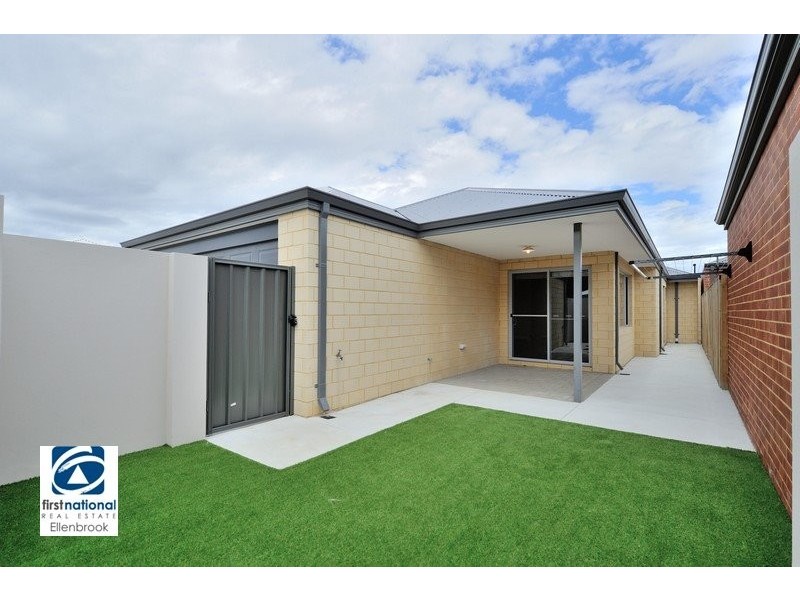 27 Dunnett Drive, Ellenbrook WA 6069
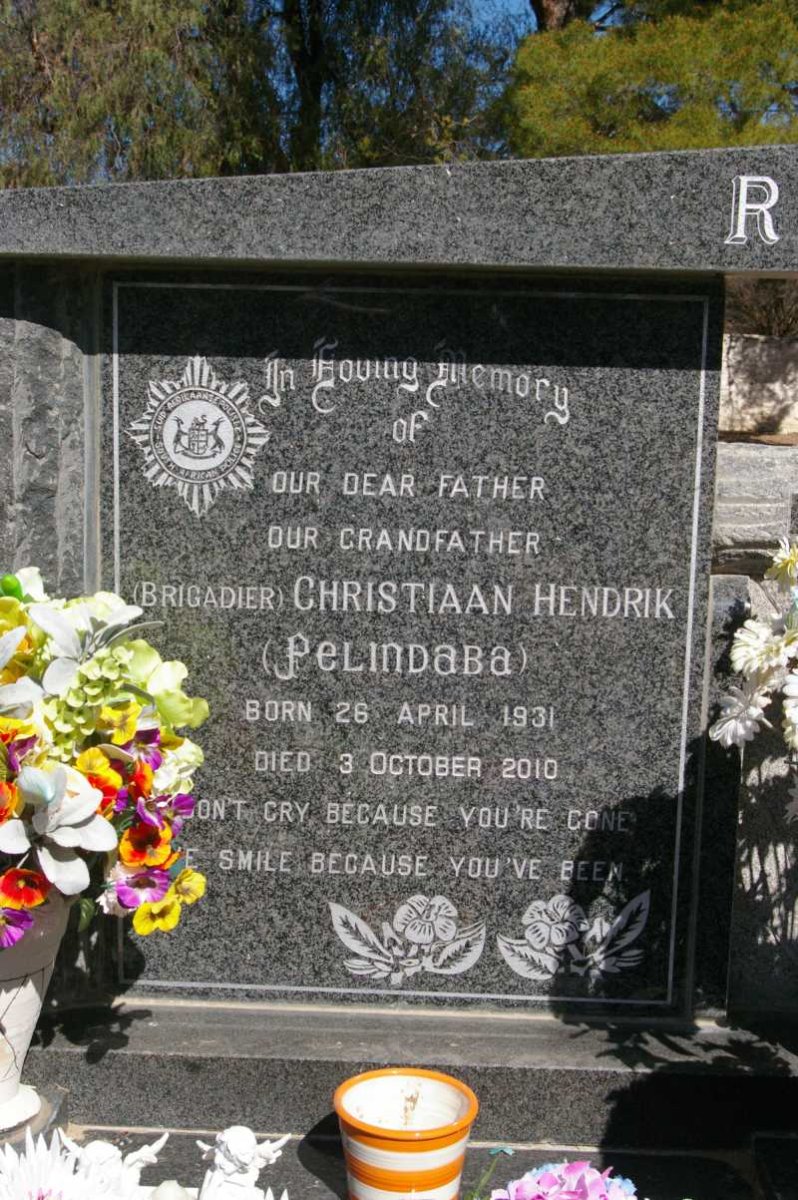 ROBERTS Christiaan Hendrik 1931-2010 &amp; Nancy Annette DE REUCK 1934-1997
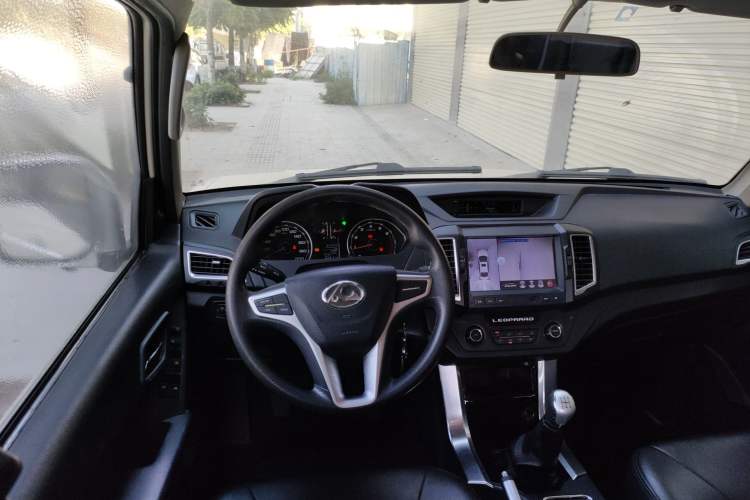 Used Leopaard Q6 2015 2.4L Manual Two-Wheel-Drive Elite Model Interior 2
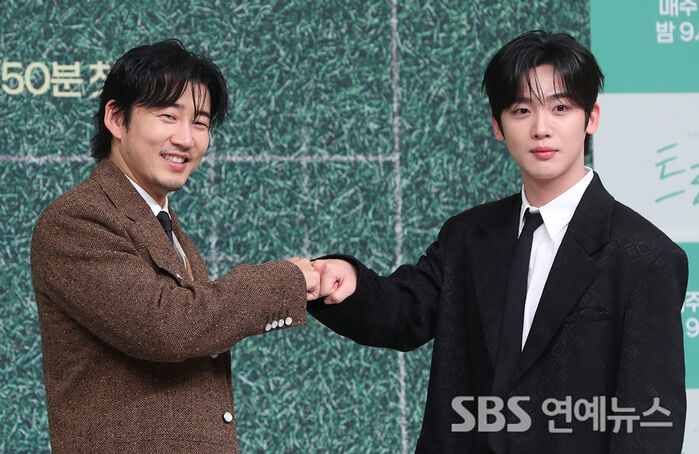 [E-Photo] Yoon Kye Sang and KIM YOHAN, 'The Coach and Captain of the Rugby Team'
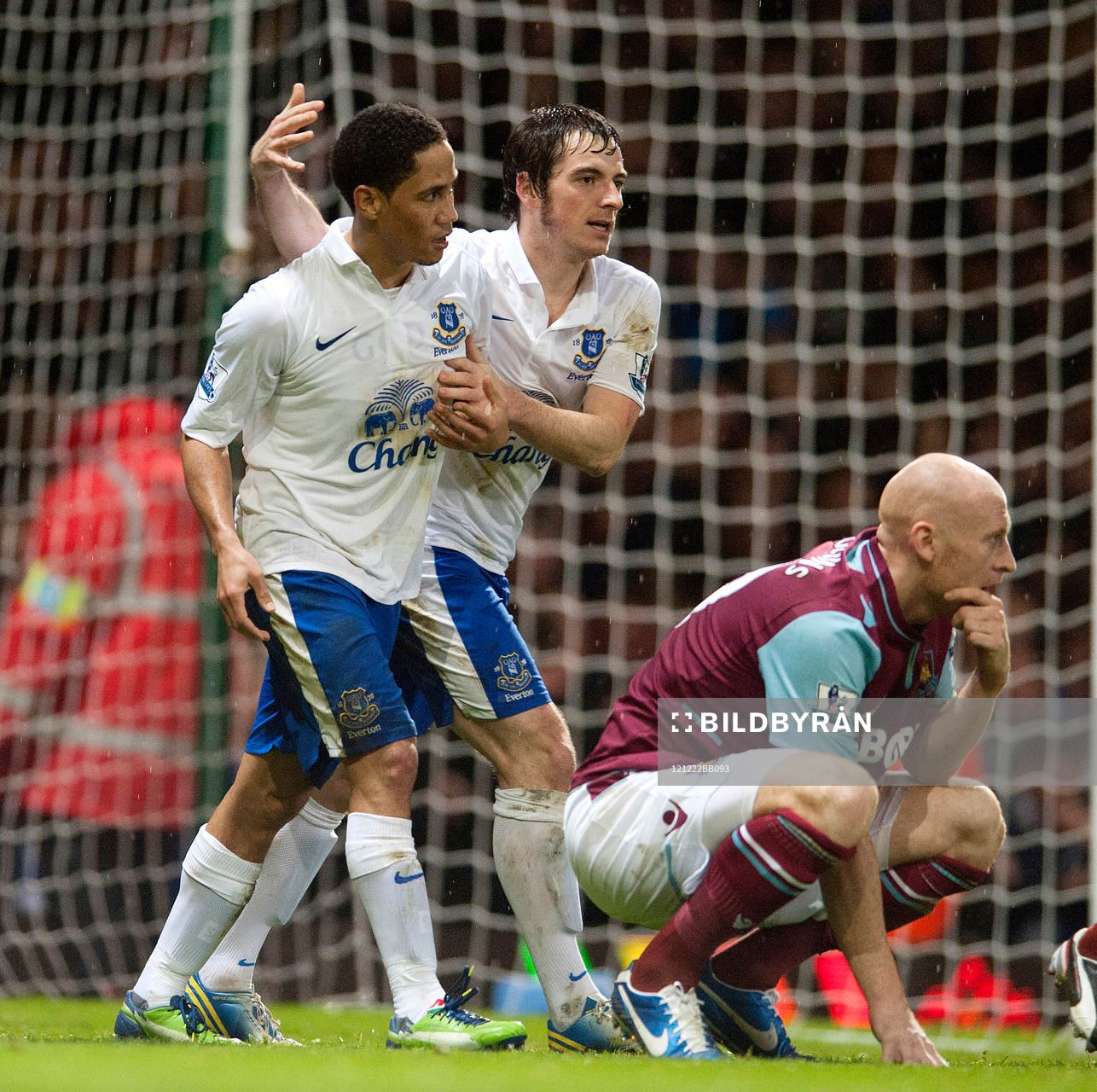 Football - West Ham United v Everton - Barclays Premier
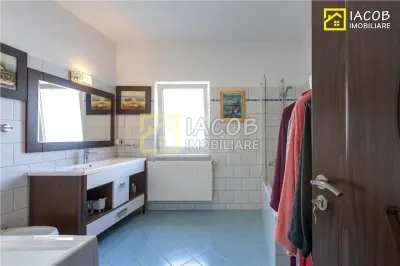 Apartament 4 camere, Rezidential Cupidon Bacau - foto 17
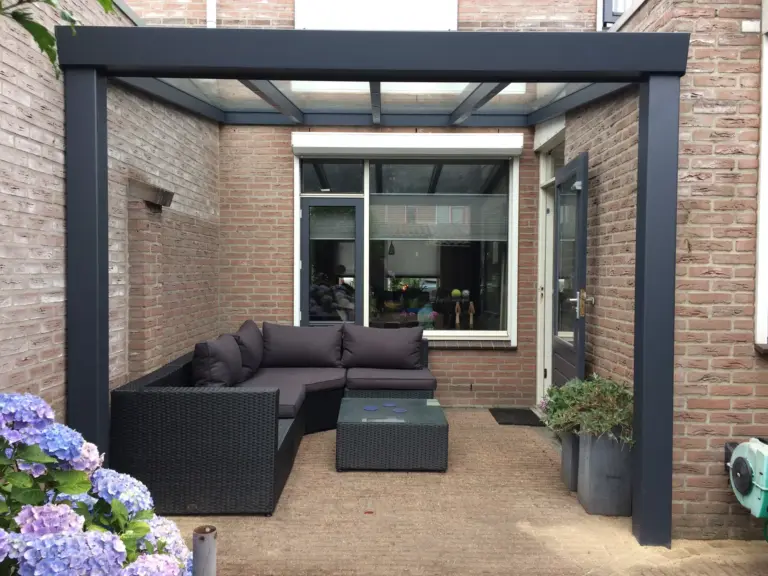 Giallo veranda with sleek aluminium design by Designer Verandas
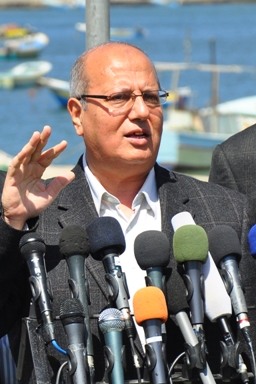 الخضري يطالب بفتح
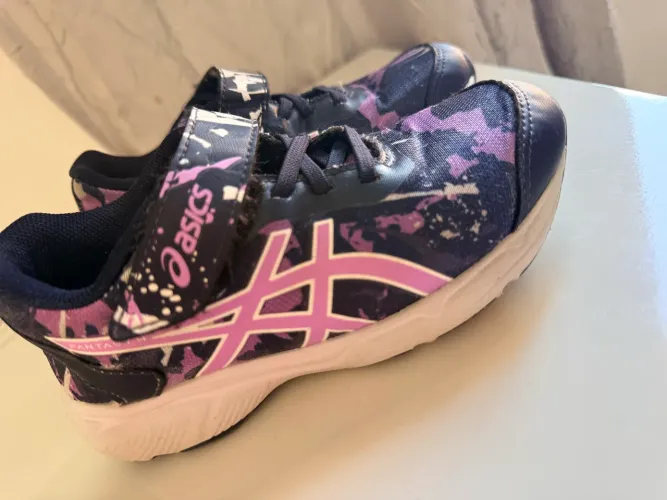 Tênis asics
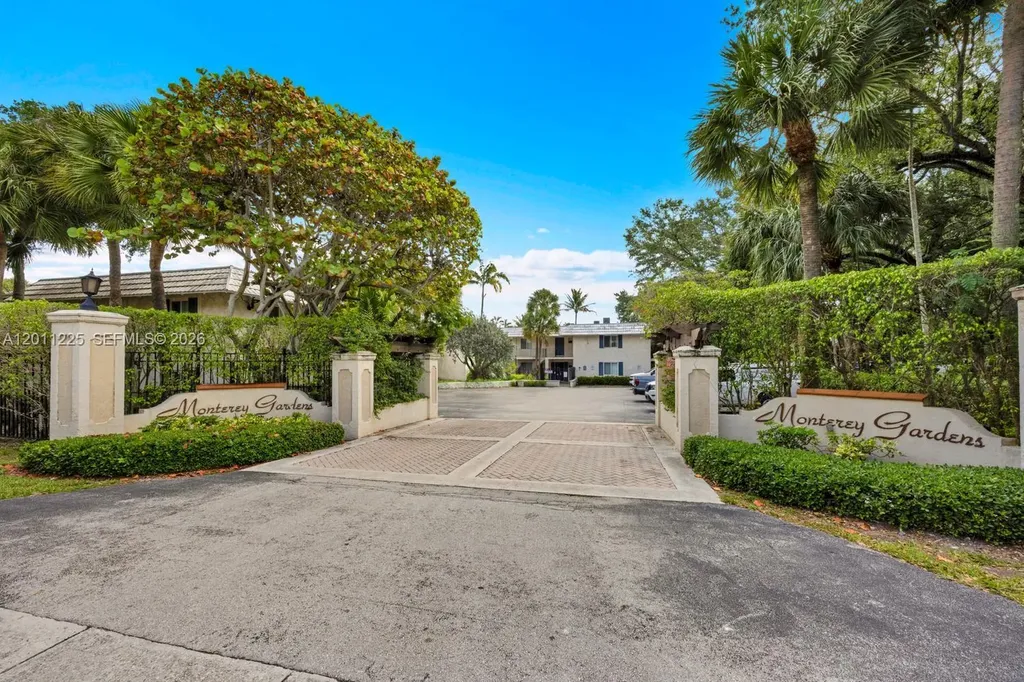 8607 SW 68th Court Pinecrest FL 33156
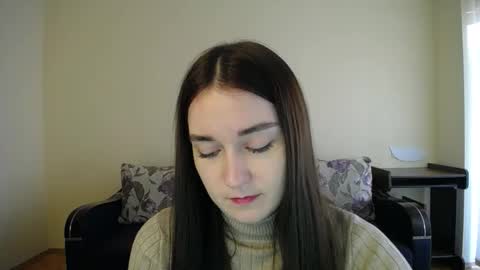 Snapshot of gabby_di chatting on December 2, 2024, 11:45 am Jaklin online show from December 2, 2024, 11:45 am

| Work instructions |
Starting with the line that contains "8607 SW 68th Court Pinecrest FL 33156", repeat each line exactly until the listing ends, including the last one. Leave pictures out.

| Output below |
 8607 SW 68th Court Pinecrest FL 33156
 Snapshot of gabby_di chatting on December 2, 2024, 11:45 am Jaklin online show from December 2, 2024, 11:45 am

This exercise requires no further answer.